Earlier this week PDP leader and former chief minister Mehbooba Mufti was freed from detention after 14 months. With this is raised the prospect of the coming together of every mainstream party in Kashmir — the regional parties as well as the Congress and the CPI(M) — on a common platform to confront the Centre.
This has not happened before and is a development of singular significance. It has the potential to prevent the ruling BJP from striking political roots in the Valley, the saffron party’s thwarted decades old wish. To make this dream come true, the RSS-BJP, using its power at the Centre, sought to neuter Kashmir and impose a militaristic dispensation as a way to bulldoze its way through. If the Kashmir parties stick together in the foreseeable future, the BJP’s pursuit could prove Sisyphean.
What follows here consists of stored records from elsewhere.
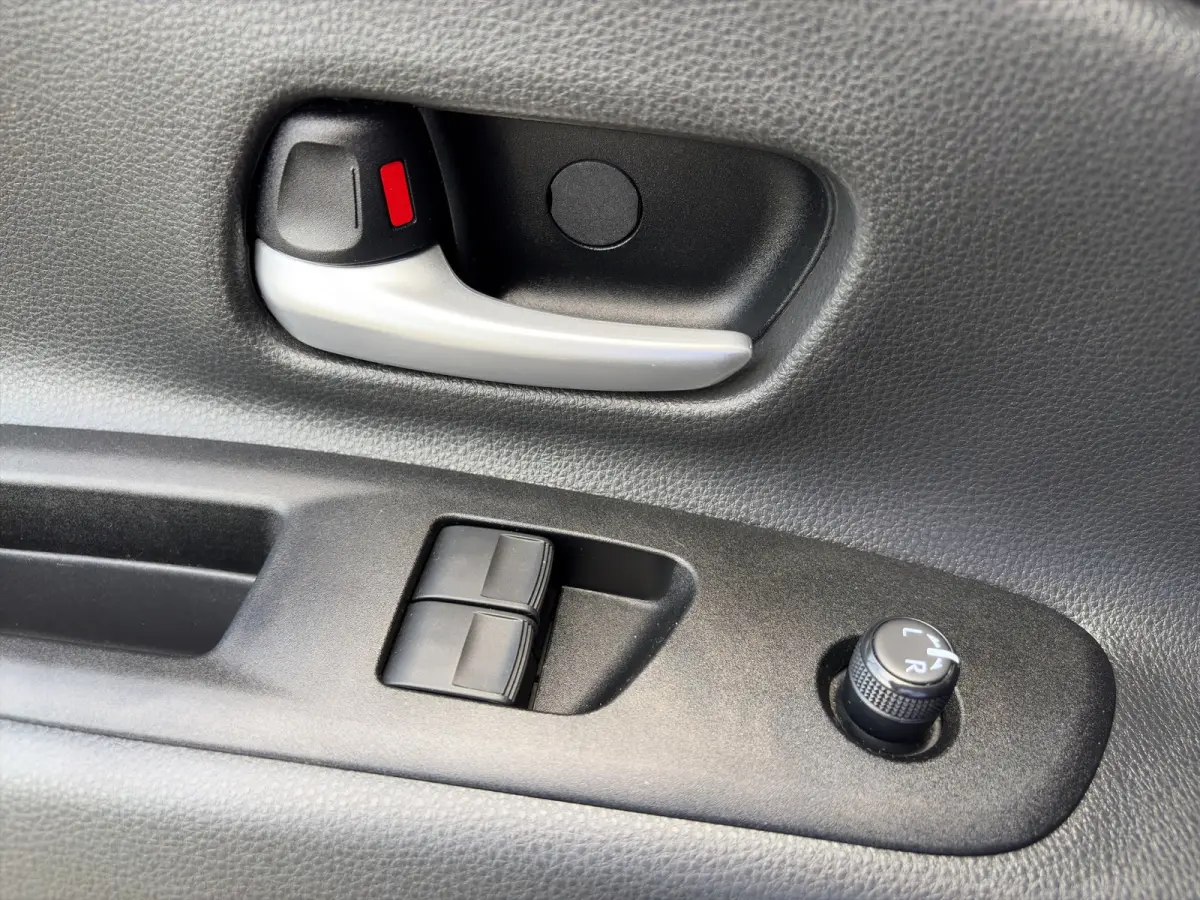 1.0 VVT-i MT Pulse | Trekhaak | Camera | Lichtmetalen velgen | Carplay | Cruise control | Parkeersensoren | Airco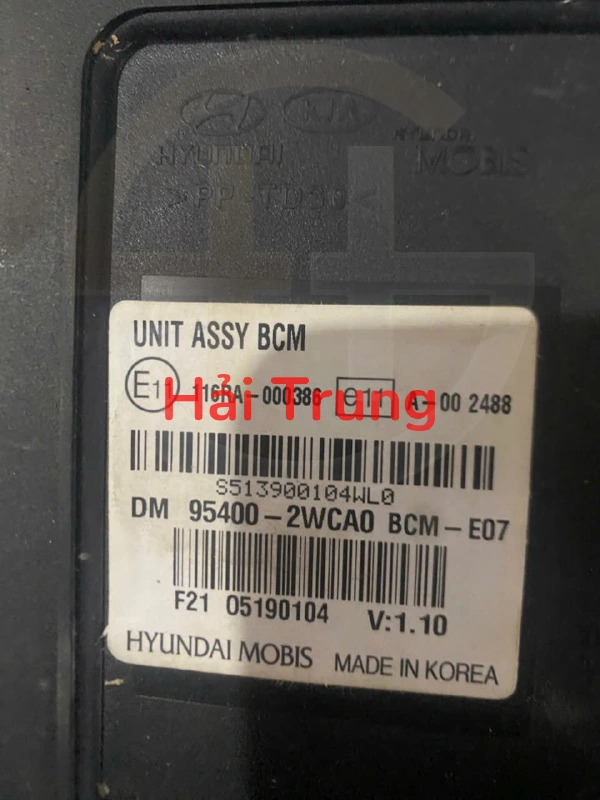 HỘP BCM SANTAFE 2013-2018 THÁO XE 954002WCA0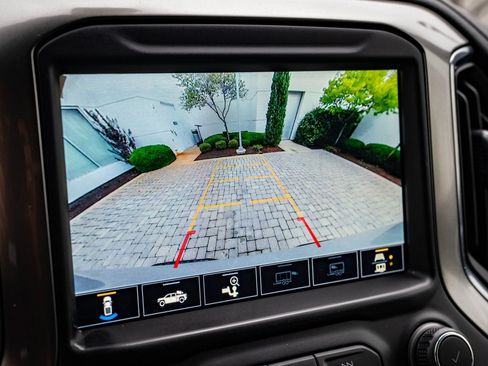 Used 2021 Chevrolet Silverado 1500 LT w/ Z71 Off-Road Package image 34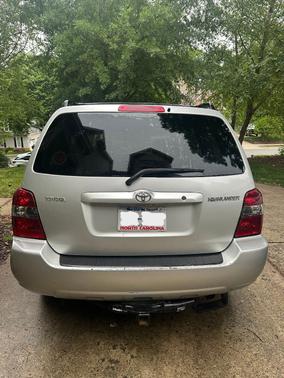 Silver 2004 Toyota Highlander Base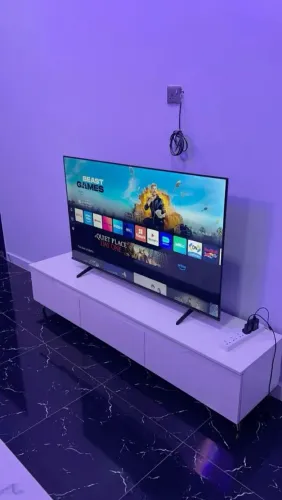 Tv 4k full hd com 2 mês de uso 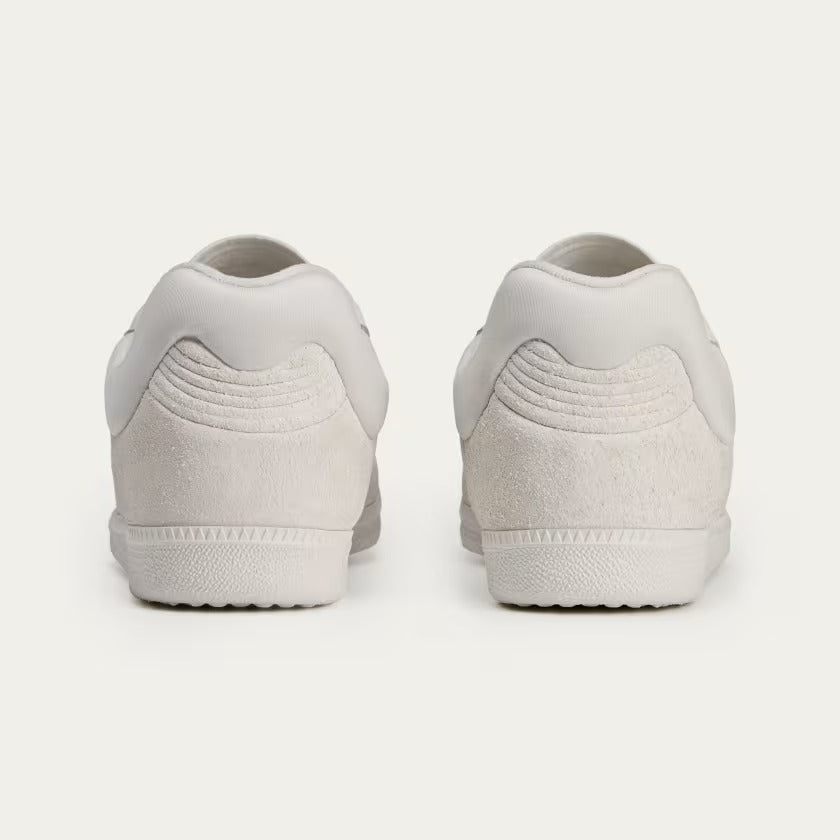 Vista traseira do Adidas adidas Samba Og x Dingyun Zhang White Vapour mostrando calcanheira e detalhes do solado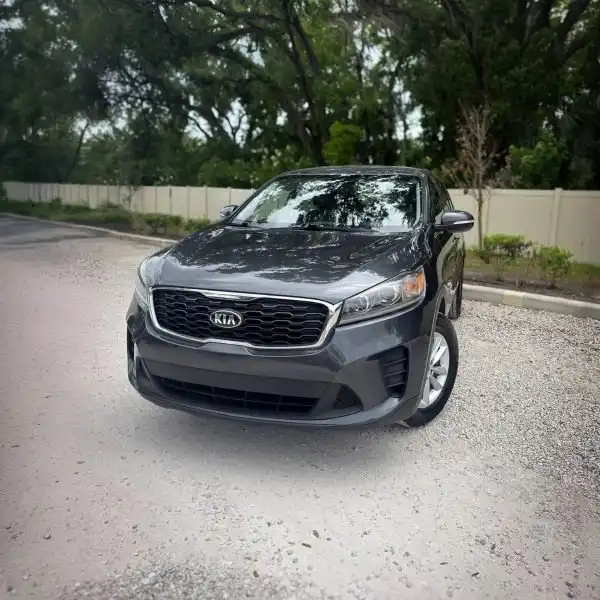 2019 Kia Sorento LX AT's photo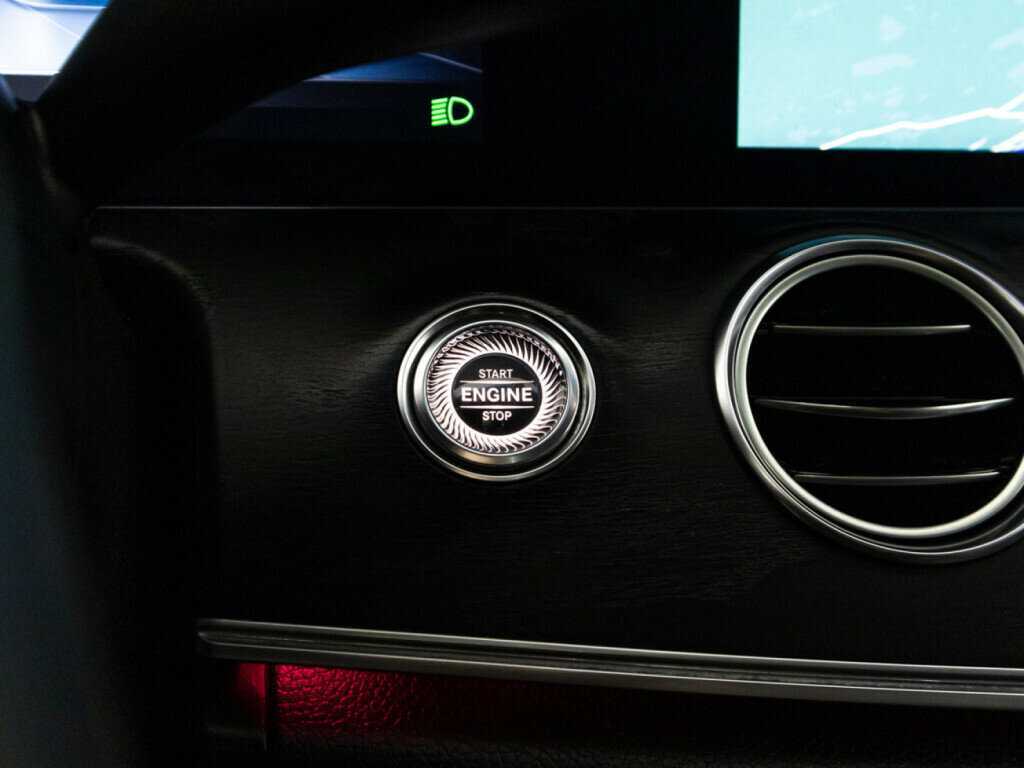 Б/У Мерседес-Бенц Е-Класс 2017 года. Фото: #20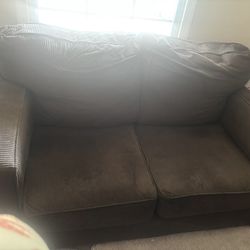 Couch / Loveseat 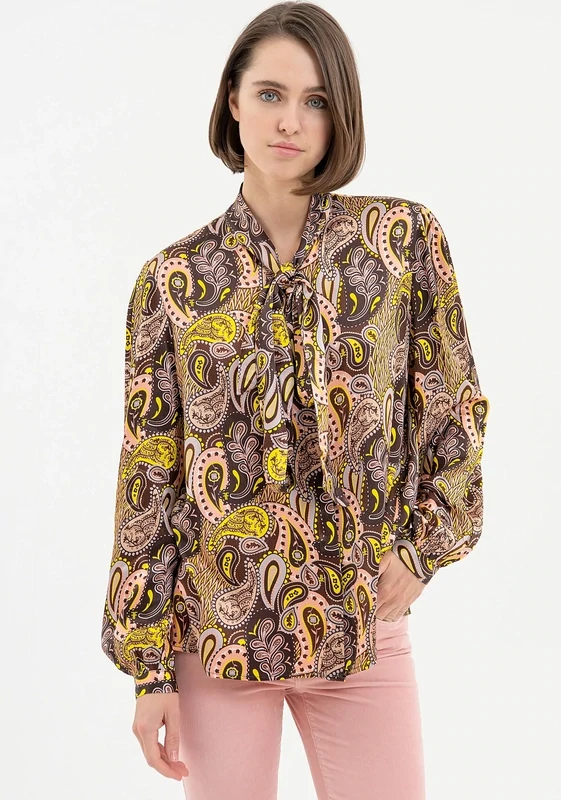 ​​Regular blouse in paisley pattern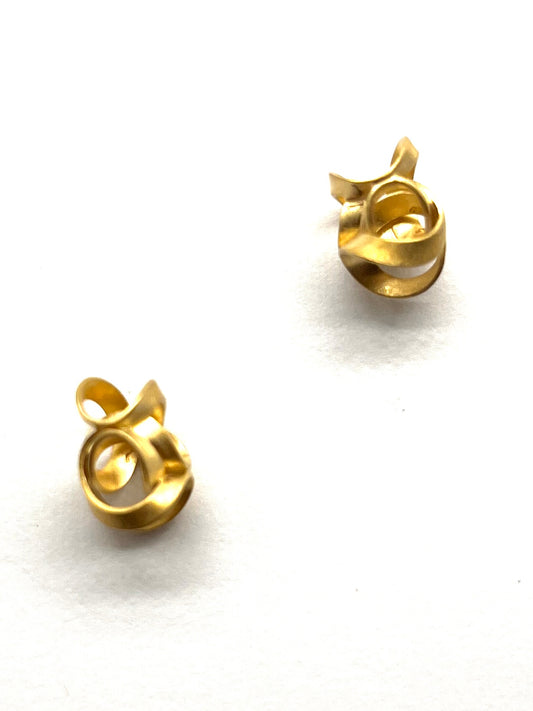 24 kt  Gold Vermeil knot earrings
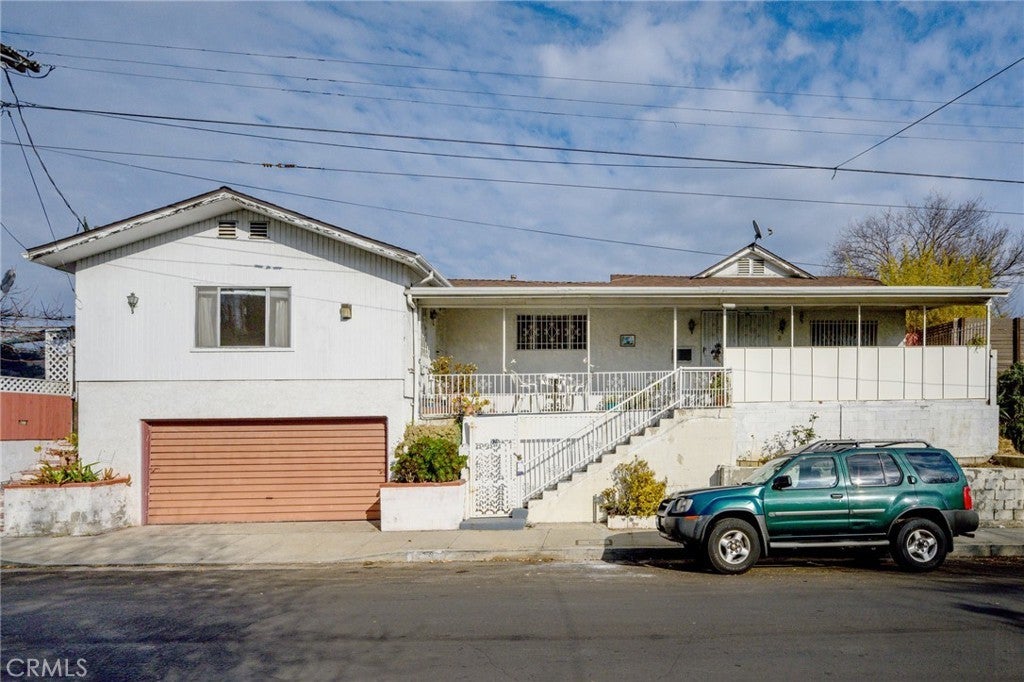 Photo of Listing #SR25028071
Kashmiri politicians are notorious for their inability to cooperate. Now they have the opportunity to turn this on its head. To remain accommodative toward one another until the next Assembly election in order to present a united face to the ruling party and its local hangers-on is the first practical challenge before them.
But more than using sharp language, the PDP, weakened through
defections and desertions, and the others, have to show through their action whether they can summon the ability to cohere in the face of
possibly renewed repression. If they can, it is the Centre that will be on the back foot.
Dr Abdullah’s defiant recent interviews, including the one in which he speaks of going to any lengths for the restoration of Article 370, his bringing in the China factor (on account of the Ladakh situation), although clumsily phrased thus permitting the BJP the short-term joy of politically hammering him, is apt to unsettle the ruling dispensation. The NC leader’s reminder that it was Prime Minister Narendra Modi who had cavorted on swings with Chinese leader Xi Jinping can hardly be a source of comfort.